Eliminate competing political parties—there is only one
party: the party of economic de-growth and de-carbonization—no competing, parties
wanting to go back to the old ways can be allowed to form. Remember, it’s a
matter of the survival of our species, isn’t it?
35.
Carry
out severe penalties and re-education efforts for all dissidents who attempt to
revert society to its former ways—such re-education will be aimed at those who hold
onto antiquated notions of “freedom” involving ambitions to stay rich or get
rich, gamble, or amass private power through private enterprises, gangsterism
etc.
36.
Outlaw
prostitution, pornography and surrogate pregnancy. Commodification of the human
body is incompatible with an ideology that is against the commodification of
nature.
37.
Educate
boys and girls equally, and protect women’s reproductive rights. The population
problem will resolve itself over the next century if this is done, without any
need for racist eugenics policies.
38.
Focus
agricultural policy on ending war, foreign interference and plunder of poor nations
by wealthy nations. Famines have a long history. They occurred when the world
population was much less than the present 7 billion. The “breeding habits” of
certain peoples is not the problem.
39.
Revive
the knowledge of indigenous people in order to teach respect for rocks, soil, water,
all living things; live low-tech and in harmony with the environment and with
all fellow creatures.
40.
And
of course, the most urgent measure of all: ban the use of plastic straws!
__________
It should be obvious that I have written these
suggestions in order to provoke a reaction, to make it clear that they may be
necessary but are also extremely unlikely to be welcomed, at least by people
who are prospering, content with the status quo, or fearful of radical change. Everyone
knows that revolutions run the risk of failing and descending into reactionary and
counter-reactionary bloodshed, with the revolution discredited by the former ruling
class’s propaganda once it gets restored. A displaced ruling class will shed
any amount of blood in order to regain power. So I know this agenda will seem
ludicrous to many, but if we “listen to the science,” it is what the facts of
the situation demand.
Industrial civilization is not ripe for any
such revolution also because there has never been a revolutionary situation
like it. Revolutions of the past were driven by workers and peasants who wanted
their share of what the owners had, and the use of energy resources was going
to make it possible, which is why the first great national project Lenin wanted
was electrification. In contrast, this next revolution would consist of the
working class and everyone else asking to have less.

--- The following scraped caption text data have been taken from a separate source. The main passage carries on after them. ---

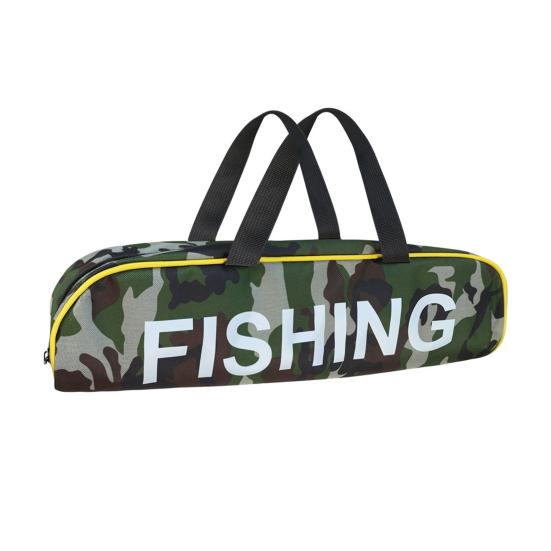 

Camouflage Fishing Gear Storage Bag with Portable Handle Lightweight Waterproof Large Capacity Fishing Pole Equipment Accessories Organizer Pouch камуфляжний
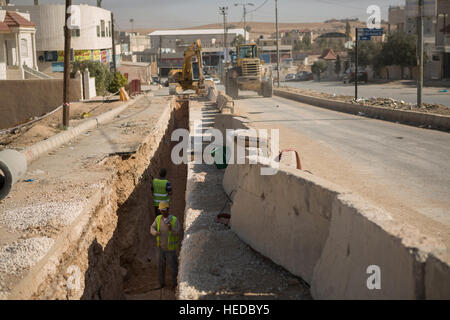 La construction urbaine de flottaison à Aqaba, Jordanie. Banque D'Images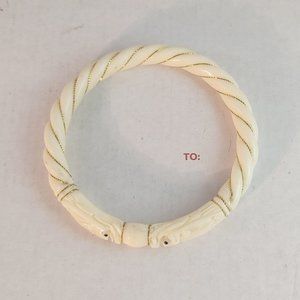 Vintage Women's 14K Gold Wire Wrapped Dragon Head Carved Bone Bangle Bracelet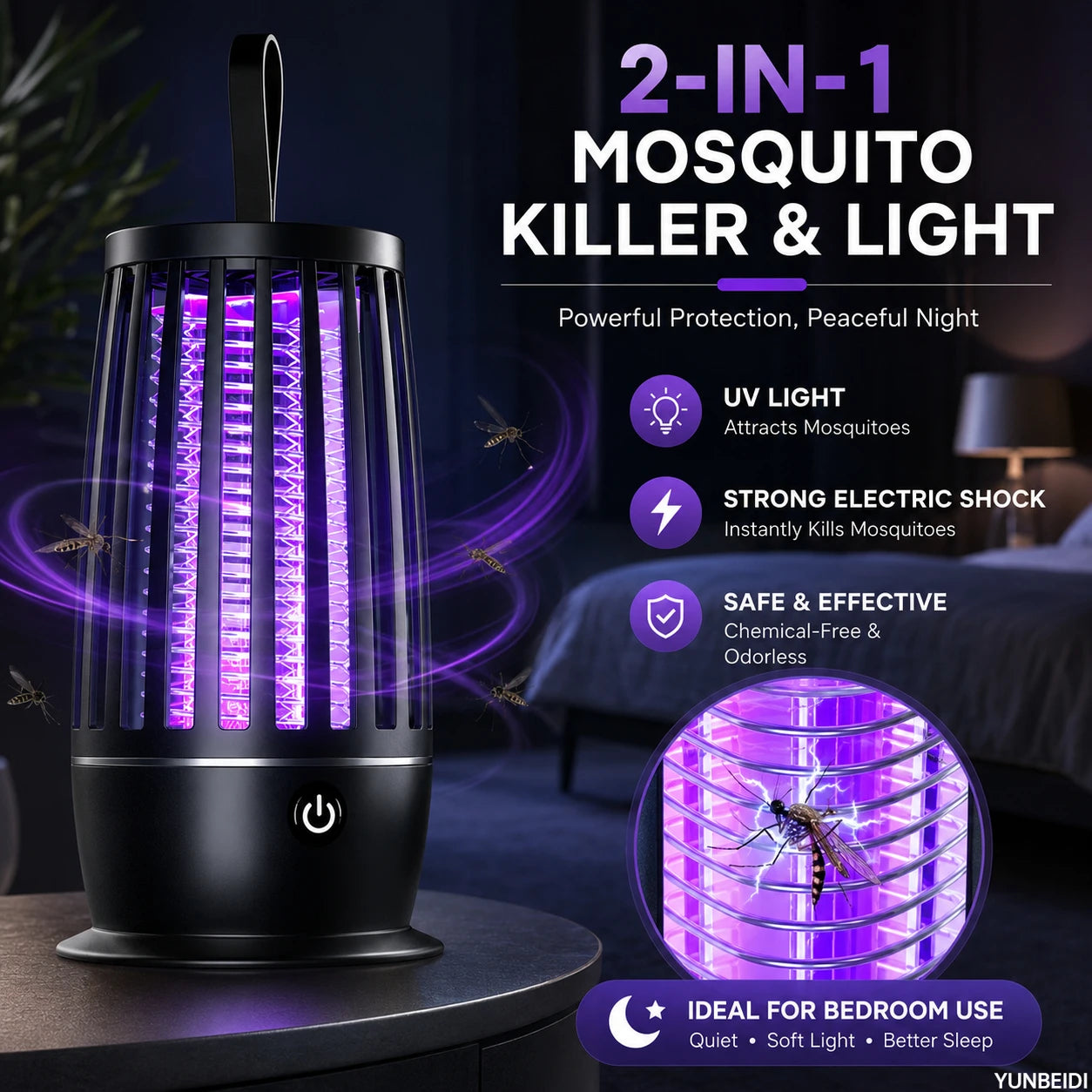 Mosquito Killer Lamp 2-In-1 UV Mosquito Killer Quiet Night Light USB Rechargeable Insect Killer Outdoor Mosquito Killer Lamp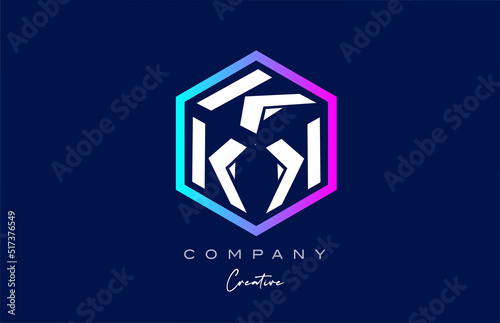 pink blue XXXXXXXXX three letter cube alphabet letter logo icon design with polygon design. Creative template for company and business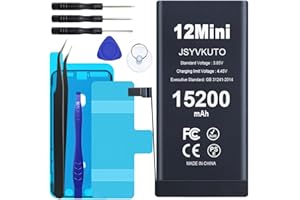 JSYVKUTO 15200mAh Battery for iPhone 12 Mini, New 0 Cycle Upgraded Higher Capacity Replacement Battery for iPhone 12 Mini with Full Set Repair Tool Kit, Model A2399 A2400 A2398 A2176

Nonetheless, we shouldn’t be too stressed
out about losing our freedom, or at least our odd concept of freedom. As a
saying goes, “It is in sickness that man becomes aware that he has limits and is
not as strong as he imagines.”[4]
Gabor Maté has pointed out in his many lectures that it is life within our
strangely free society that makes us sick. He notes, “50% of North American
adults have a chronic illness, either diabetes or high blood pressure, or heart
disease or cancer, or any number of auto-immune illnesses.” Thus it has got to
the point where we can no longer say (and never should have said, actually) indigenous
people lived miserable lives without modern health care and technology. We
could actually be healthier in a post-fossil-fuel economy. We might need to
adapt Hobbes’ dictum in order to realize that we must submit to a
nature-protecting authority (or belief system) in order to avoid lives that
will otherwise be “solitary, poor, nasty, brutish and short” under capitalism.
Gabor Maté reminded his audiences of
another concept of freedom:
When Karl Marx
talked about freedom, he talked about freedom in three senses of the word.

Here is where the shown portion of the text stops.